Ashtanga Yoga is the eight-folded path of yoga. It is a specific yoga tradition, but at the same time Ashtanga Yoga can be seen as covering all aspects of yoga within any yoga tradition.
Ashtanga Yoga is often called Patanjali Yoga, referring to Maharishi Patanjali, the ancient author of the famous Patanjali yoga sutras that describe Ashtanga Yoga. More recently (15th century) the term Raja Yoga is also often used instead of Ashtanga Yoga, meaning “royal yoga”.
Ashtanga Yoga can be regarded as a fourth option next to the 3 typical paths of yoga, namely bhakti, karma and jnana yoga. While these yogas rather directly aim at dissolving the ego, Ashtanga Yoga does the same job but more indirectly through mind. The second sutra of Patanjali already makes it clear: by stopping the modifications of mind the objective of yoga is reached. In other words, stop thinking long enough and the ego will no longer be fed by concepts. As the ego is nothing but a body of concepts, it thus dissolves through a process called Samadhi (effortless meditation) and merges with cosmic consciousness, which is the union that is yoga.
As Ashtanga Yoga also includes many aspects of bhakti, jnana and karma yoga, it is an extremely powerful yogic tradition. Stopping mind is not exactly easy, but the eight methodical steps of Ashtanga yoga make it possible for anyone to achieve that goal. Step by step, kosha by kosha, all obstacles to stop mind are removed and the attention is brought inside until the meditation becomes effortless and the dissolution of the ego can start.
Following is an overview of the 8 limbs of Ashtanga yoga, described as practices:
Yama (control): a series of don’ts in contact with the world outside, so that our relationships as well as our energy remain harmonious, providing the peaceful background needed for deep meditation. The disciplines in Yama typically include nonviolence, truth, honesty, sexual continence, forbearance, fortitude, kindness, straightforwardness, moderation in diet & bodily purity.
Niyama (rules of conduct): a series of do’s that helping in detaching from the world and the ego. Activities in Niyama typically consist of austerity, contentment, belief in God, charity, worship of God, study of teachings and scriptures, modesty, having a discerning mind, repetition of prayers, observance of vows and performing sacrifices.

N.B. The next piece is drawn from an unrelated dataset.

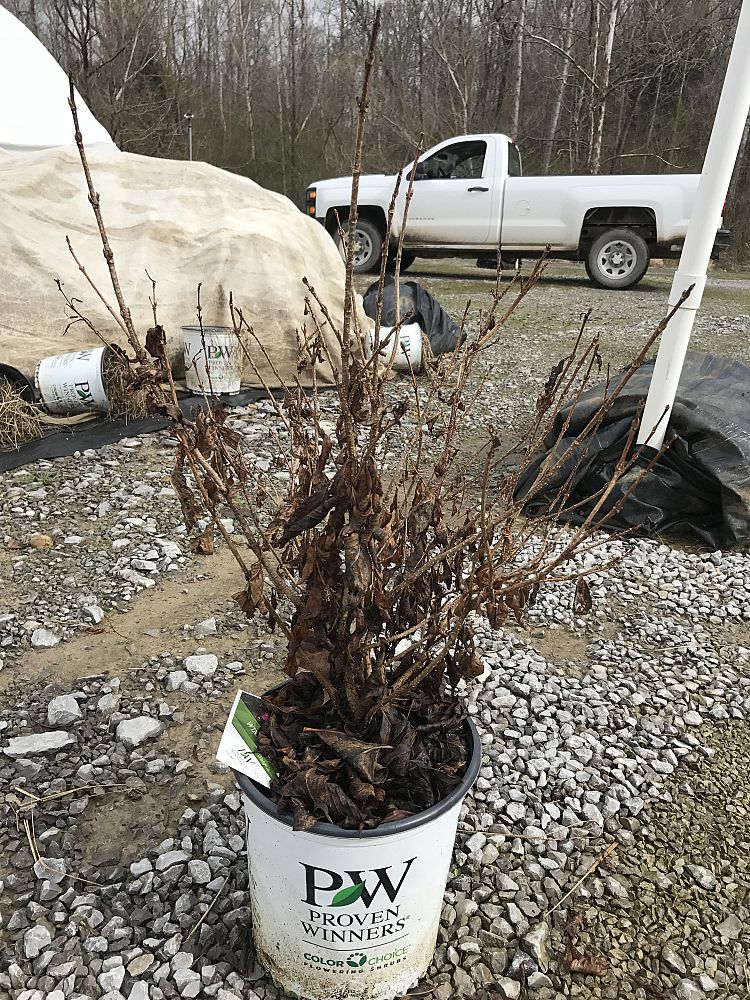weigela-florida-alexandra-wine-roses-reg-weigela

Asana (posture): as a motionless body makes the mind quiet, and as an unstable body cannot remain motionless in deep meditation, many postures have been described of which at the least one sitting posture must be mastered in order to reach a deep state of meditation.
Pranayama (control of breath): control of breath brings mind under control, while the main aim is to store the energy that will be needed when in deep meditation breathing has stopped.
Pratyahara (withdrawal of sensory perceptions) : removing the attention from sensory input, so that it ceases to disturb meditation. This may be preceded by some focus on purifying sensory input, such as in rituals, use of meditative sounds, etc… Ultimately prana is withdrawn from the nadis that transport sensory input.
Dharana (concentration): the focus of mind on any single object, for example a mantra, or deep concentration on the six subtle centers of the chakras, starting from the first and gradually approaching the seventh, etc…
Dhyana (uninterrupted meditation): in which the concentration is uninterrupted, without a single disturbing thought, though this concentration still requires some effort.
Samadhi (effortless meditation, absorption, equilibrium): concentration is maintained, but it requires no effort. This stage allows for a rather long purification process through which the individual consciousness is finally dissolved in pure cosmic consciousness.
After a prolonged practice of samadhi there is no need to practice any longer, because the conscious connection to the divine is everlasting, which is called natural samadhi. Ultimately it leads to enlightenment.